Our first step is to get the soon to be laid-off employees help with unemployment assistance and, where necessary, job re-training, while making sure that the state gets as many taxpayer dollars as possible back from Evergreen Solar.
We also need to learn the right lessons from the Evergreen Solar failure. We can’t go back and change the past – but we can, as a state, commit ourselves to figuring out what went wrong, learn from our mistakes, and do better in the future. This is the time to change the way we approach economic development as a state.
The question we should be asking is this: should Massachusetts state government offer massive subsidies to large corporations as part of its economic development strategy to create jobs for residents?
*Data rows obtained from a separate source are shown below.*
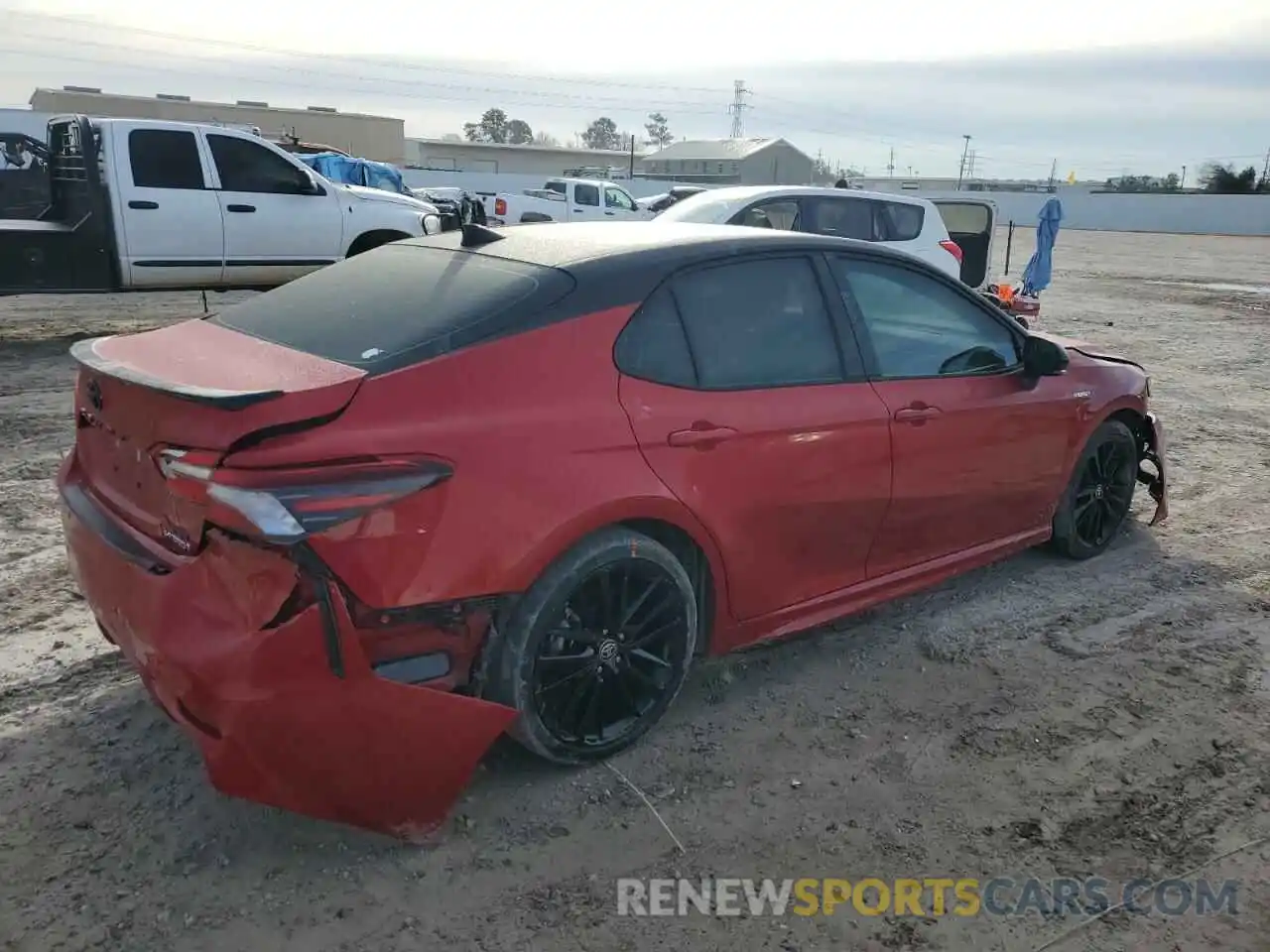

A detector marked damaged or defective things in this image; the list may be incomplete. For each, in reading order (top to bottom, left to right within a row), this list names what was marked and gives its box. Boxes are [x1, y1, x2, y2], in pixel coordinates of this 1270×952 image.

exposed wheel well [345, 229, 409, 257]
crushed rear bumper [58, 467, 515, 837]
damaged red car [60, 219, 1168, 837]
exposed wheel well [622, 523, 721, 654]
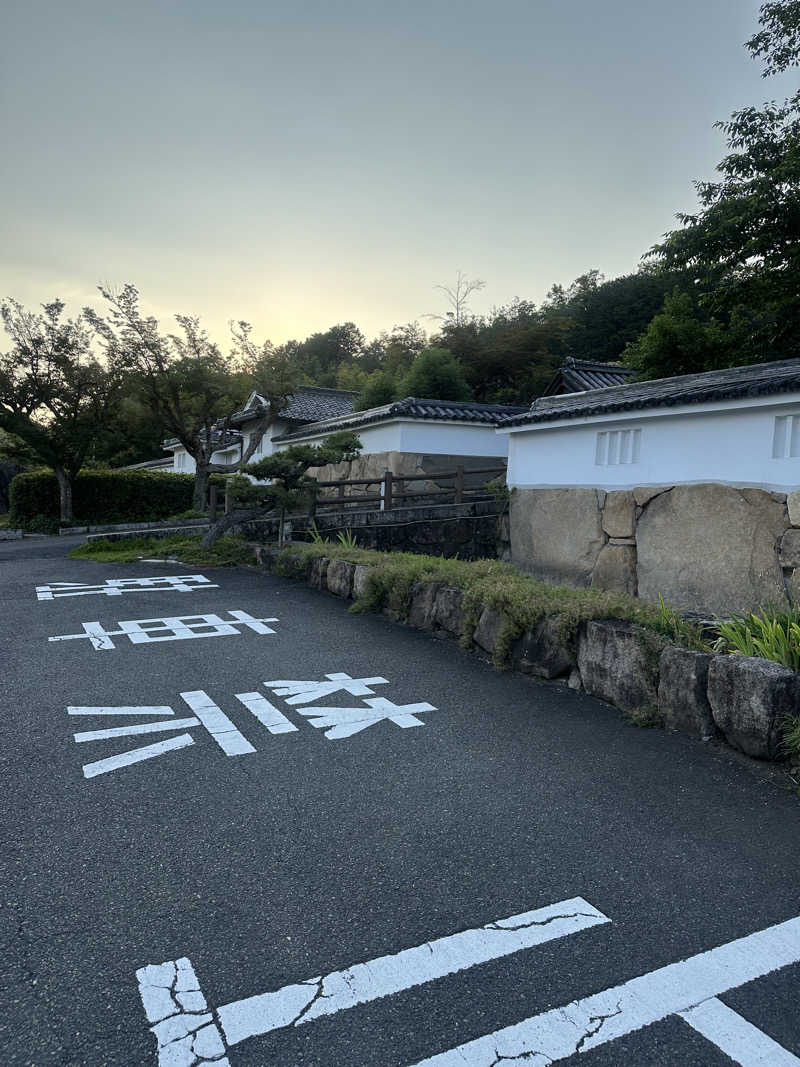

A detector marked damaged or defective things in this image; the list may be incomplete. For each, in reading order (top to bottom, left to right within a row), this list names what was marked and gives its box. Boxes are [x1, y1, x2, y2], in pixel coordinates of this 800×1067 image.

cracked asphalt [4, 537, 800, 1062]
Since the 1990s, the answer from Governors of both political parties, and the Massachusetts Legislature, has been a resounding yes. Through budget cuts in education, human services, and environmental protection, deep recessions in 2002 and 2008, and a significant decrease in state revenues, one area of the budget has consistently remained untouched: expenditures for tax breaks for corporations.
This is a disturbing trend, which speak to two political realities in Massachusetts, and across the country. When faced with the complex and difficult task of creating jobs, all too often elected officials choose the path of least resistance by pushing for more tax breaks as the “quick” way to create jobs in Massachusetts – even if the long-term success record of these tax breaks is poor. At the same time, special interests, represented by corporate lobbyists, are incredibly successful at directing more and more corporate welfare their way, while pushing the social costs of rising unemployment costs, health care expenses, and the costs of public education necessary for a productive workforce onto individual taxpayers, and state and local governments.
We need to challenge and upend this status quo, and the ever-increasing power of corporate lobbyists.
To do so will take greater scrutiny of the conventional wisdom on how to create jobs by elected officials and the general public, and a greater outcry when these practices do more harm than good to our Commonwealth.
When lawmakers and the public are silent when companies take our tax subsidies and then move operations to China, or lay off workers while making record profits, or lobby to gut safety and environmental protections to save money, it makes it very easy for lobbyists to quietly guide these efforts through the halls of Beacon Hill.
While I have dedicated most of my political career to opposing the efforts of corporate lobbyists, I also admit that I contributed to part of the current dynamic by initially supporting the state investment in Evergreen Solar. I saw it as a good way to jumpstart the clean tech industry in Massachusetts, and a way to create hundreds of good jobs in our district. As we know now, it wasn’t.
Over the last few years, as I’ve taken a harder look at some of these corporate subsidies, I’ve grown to believe that this isn’t the most effective economic development strategy for our state.
Right now, we need a much broader and deeper discussion about how to actually create sustainable jobs in Massachusetts. We need a greater focus on helping small businesses that have been here for generations expand, and on investing in public infrastructure – transportation, education, health care – to ensure that job creation will be steadier and more stable. Most of all, we need to have an adult discussion about moving to a fairer tax system that not only reduces tax burdens on working and middle class families, but ensures greater consumer demand and stimulation of the economy.
If we are to bring our communities back from the brink of financial disaster, and ensure economic security and development for all, these are the sorts of public discussions we need to start having.